[SPARK-53478] Resolve SparkFiles.get against root directory when job artifact UUID is set in local mode by wilmerdooley · Pull Request #56623 · apache/spark

wilmerdooley · 2026-06-19T21:57:37Z

What changes were proposed in this pull request?

When running in local mode with a non-default job artifact UUID, SparkFiles.get resolved filenames against the per-session artifact directory, while files added via SparkContext.addFile were placed directly under the root directory. This made such files inaccessible from SQL-planned operations even though they were visible to code that ran outside a SQL session. This change falls back to the root directory when the job-specific path does not exist in local mode, mirroring the same behavior on the Scala, JVM Python worker, and PySpark Python sides.

core/src/main/scala/org/apache/spark/SparkFiles.scala: in get, if the job-specific path does not exist and the master is local, fall back to the file directly under getRootDirectory().
core/src/main/scala/org/apache/spark/api/python/PythonRunner.scala: export SPARK_LOCAL_MODE to Python workers so they can apply the same fallback.
python/pyspark/core/files.py: in SparkFiles.get, when running on a worker, the file is missing under the current root, the master is local, and the job artifact UUID is non-default, fall back to the file under the parent of the current root directory.

JIRA: https://issues.apache.org/jira/browse/SPARK-53478

Why are the changes needed?

In local mode with a non-default job artifact UUID, files added through SparkContext.addFile could not be resolved by SparkFiles.get from inside SQL-planned operations. SparkContext.addFile writes the file directly under the root directory, but SparkFiles.get looked under the per-session artifact directory, so the lookup missed the file and the path was unusable. The fallback restores the ability to read those files from SQL operations in local mode, while keeping the lookup scoped to local mode so session isolation semantics on real executors are unchanged.

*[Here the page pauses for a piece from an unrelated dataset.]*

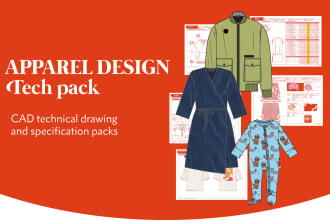 create fashion tech pack and cad flat technical drawing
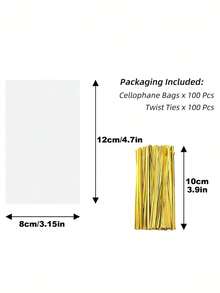 100 túi nhựa trong suốt 3"x5" đựng kẹo, kèm 100 dây buộc xoắn, túi nhựa OPP đựng bánh, thích hợp để đóng gói kẹo mút, kẹo cứng, sô cô la, bánh quy và dùng trong các bữa tiệc buffet. - Nhiều màu - Xem 8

Does this PR introduce any user-facing change?

Yes. In local mode with a non-default job artifact UUID, a file added via SparkContext.addFile is now resolvable through SparkFiles.get from SQL-planned operations, whereas before it was not found. There is no change on real executors or when the default artifact UUID is in use.

How was this patch tested?

Added regression tests that add a file via SparkContext.addFile and read it back through SparkFiles.get from a SQL-planned operation, on both the Scala and Python sides:

sql/core/src/test/scala/org/apache/spark/sql/artifact/ArtifactManagerSuite.scala: SPARK-53478: SparkFiles.get resolves files added via SparkContext.addFile in local mode.
python/pyspark/sql/tests/test_artifact.py: test_spark_files_get_with_sc_add_file.

Was this patch authored or co-authored using generative AI tooling?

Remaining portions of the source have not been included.